- [Work to complete]: Exactly reproduce the lines from the line bearing "38 ROEHAMPTON CRESCENT" through the end of the listing, inclusive of both; pictures are to be omitted.

- [Listed records]:
........

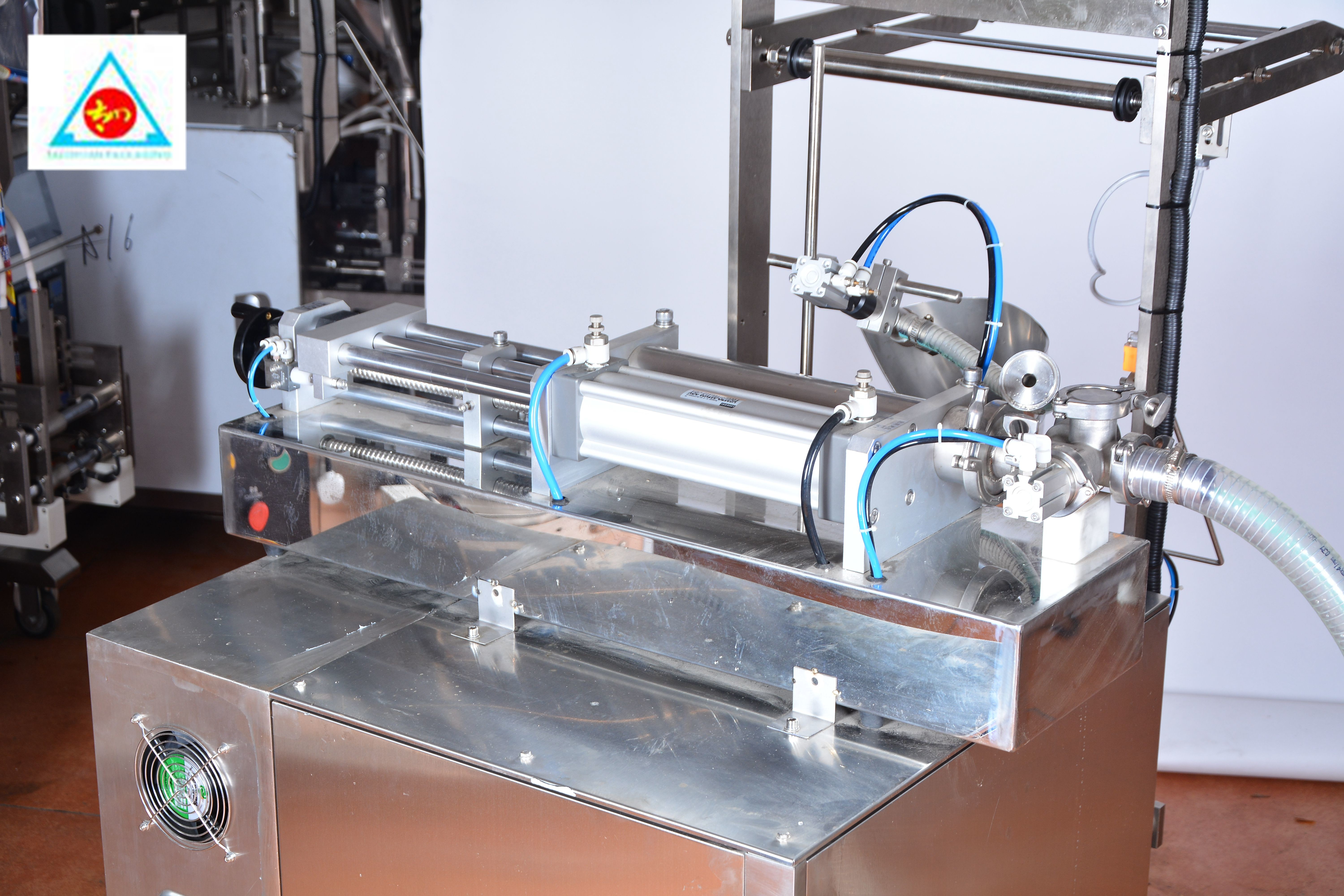 China Manufacturer Multi-function Automatic high precision water oil fruit juice pouch packaging machine price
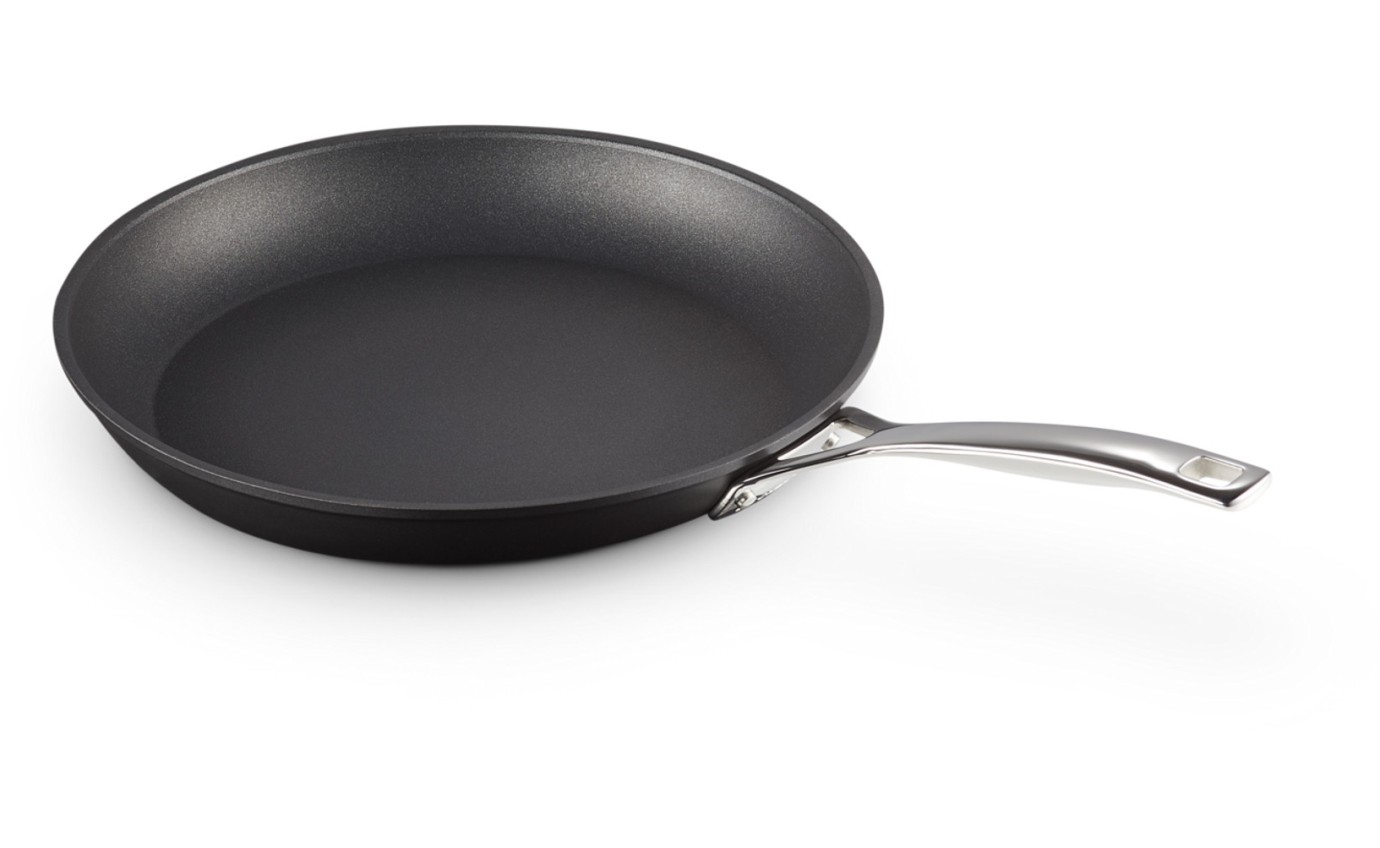 Le Creuset 30cm Shallow Frying Pan 51112300010002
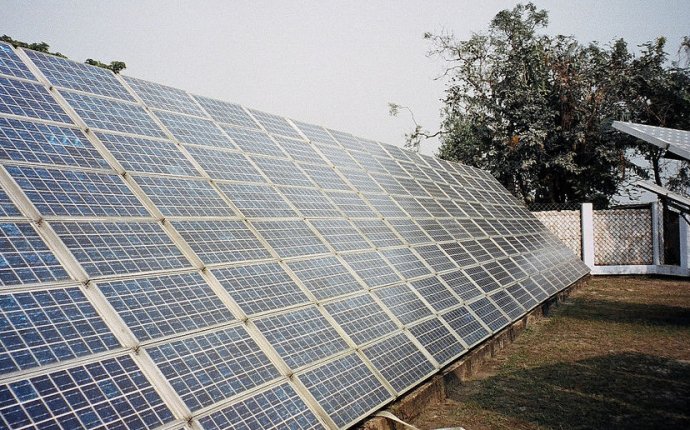 India Plans $3.1 Billion Support For Solar Equipment Manufacturing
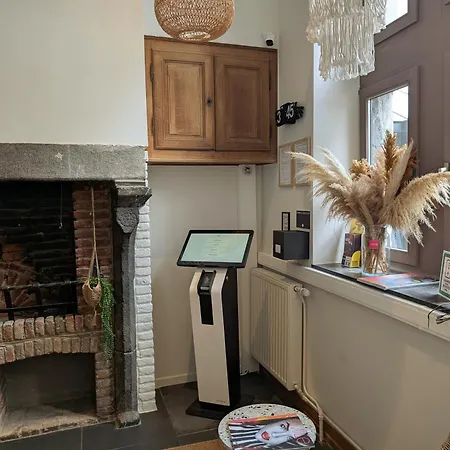 Le Manoir Отель Марш-ан-Фаменн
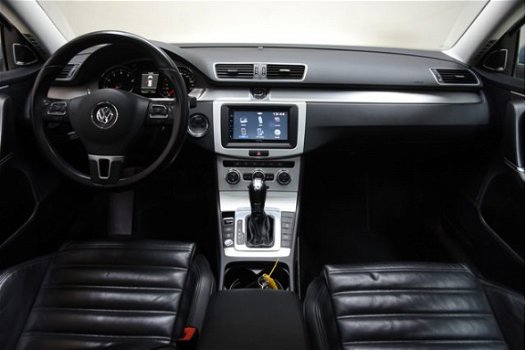 Volkswagen Passat Variant - 1.4 TSI High Executive [ Dyn Audio leer xenon schuifdak ] - 1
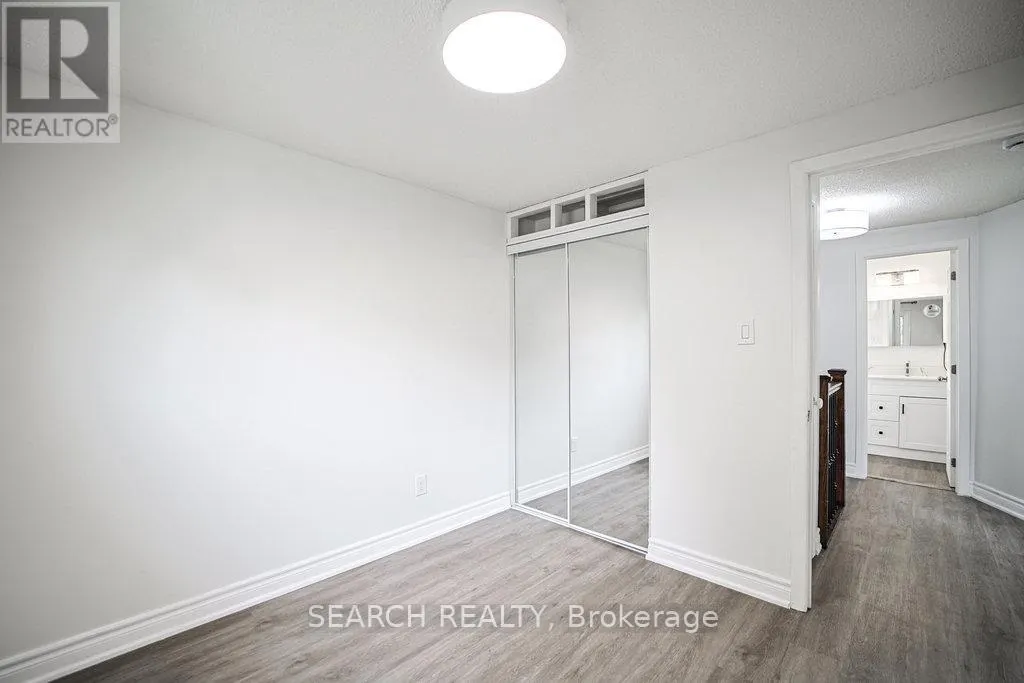 38 ROEHAMPTON CRESCENT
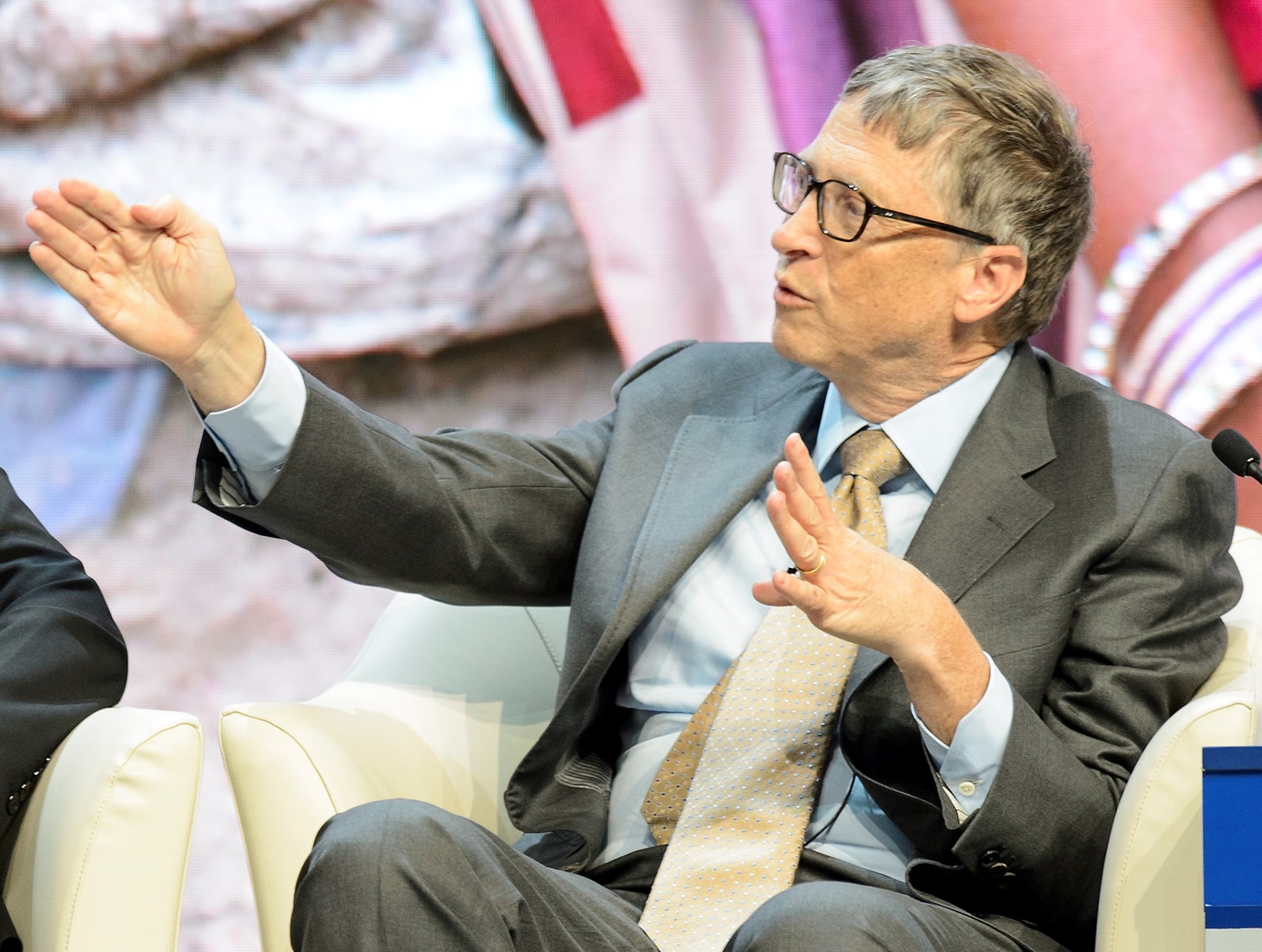 Бил Гейтс купи веригата хотели "Четири сезона"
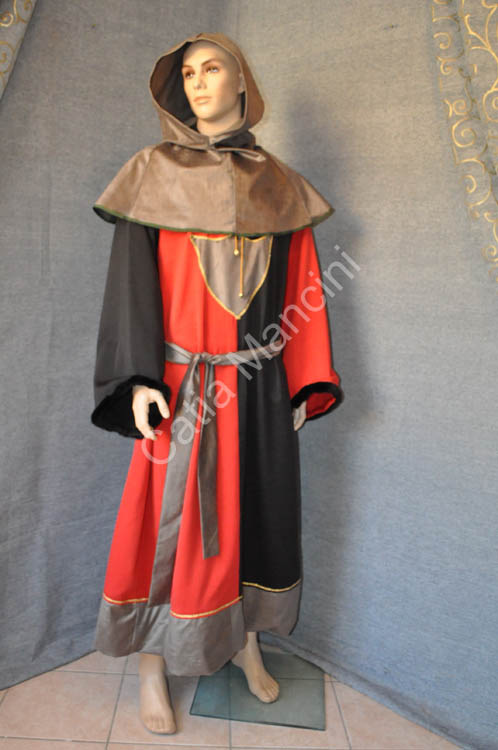historical-man-medieval-costume (2)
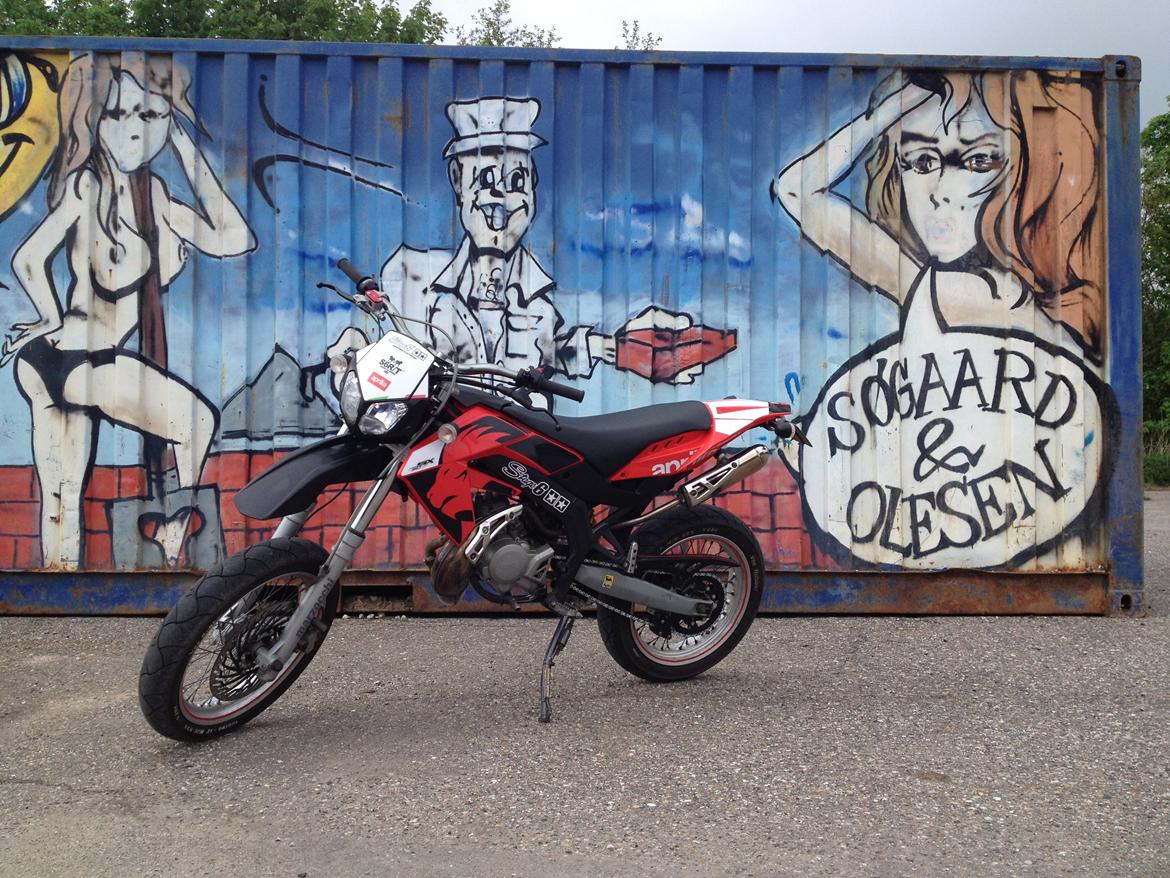 Aprilia sx50 - undskylder den dårlige kvalitet på billederne, den er flottere i virkeligheden. billede 10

........

- [Answer for the task]:
 38 ROEHAMPTON CRESCENT
 Бил Гейтс купи веригата хотели "Четири сезона"
historical-man-medieval-costume (2)
 Aprilia sx50 - undskylder den dårlige kvalitet på billederne, den er flottere i virkeligheden. billede 10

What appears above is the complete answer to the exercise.